**Exercise directions:**
In the listing below, find the line that contains "𝐎𝐊𝐈𝐍𝐄𝐒 𝟐𝟎𝟐𝟒] 📝" and the line that contains "Sampai jumpa di tahap berikutnya!!! 🙌🏻". Quote both and every line between them, exactly, and nothing more.

**Dataset content:**
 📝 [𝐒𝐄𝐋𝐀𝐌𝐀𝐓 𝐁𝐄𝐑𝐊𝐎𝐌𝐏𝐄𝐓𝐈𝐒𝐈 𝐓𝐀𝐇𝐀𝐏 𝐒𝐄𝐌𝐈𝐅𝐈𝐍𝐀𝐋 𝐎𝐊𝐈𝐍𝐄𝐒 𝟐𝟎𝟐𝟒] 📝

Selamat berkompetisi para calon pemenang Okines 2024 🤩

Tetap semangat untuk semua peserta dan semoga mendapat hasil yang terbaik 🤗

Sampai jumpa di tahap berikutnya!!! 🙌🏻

--

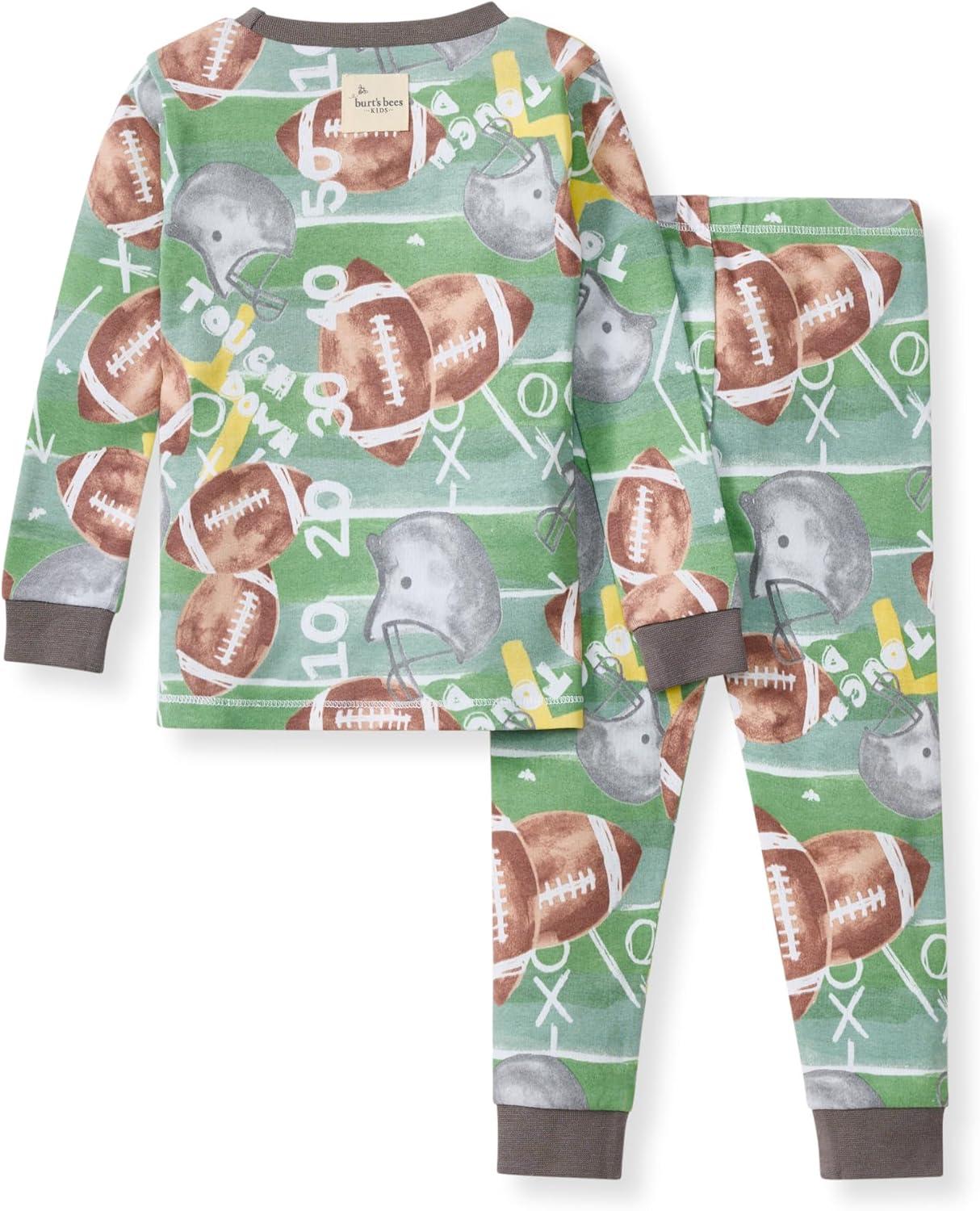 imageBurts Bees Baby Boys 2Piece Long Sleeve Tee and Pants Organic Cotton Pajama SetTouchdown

**Answer box:**
 📝 [𝐒𝐄𝐋𝐀𝐌𝐀𝐓 𝐁𝐄𝐑𝐊𝐎𝐌𝐏𝐄𝐓𝐈𝐒𝐈 𝐓𝐀𝐇𝐀𝐏 𝐒𝐄𝐌𝐈𝐅𝐈𝐍𝐀𝐋 𝐎𝐊𝐈𝐍𝐄𝐒 𝟐𝟎𝟐𝟒] 📝

Selamat berkompetisi para calon pemenang Okines 2024 🤩

Tetap semangat untuk semua peserta dan semoga mendapat hasil yang terbaik 🤗

Sampai jumpa di tahap berikutnya!!! 🙌🏻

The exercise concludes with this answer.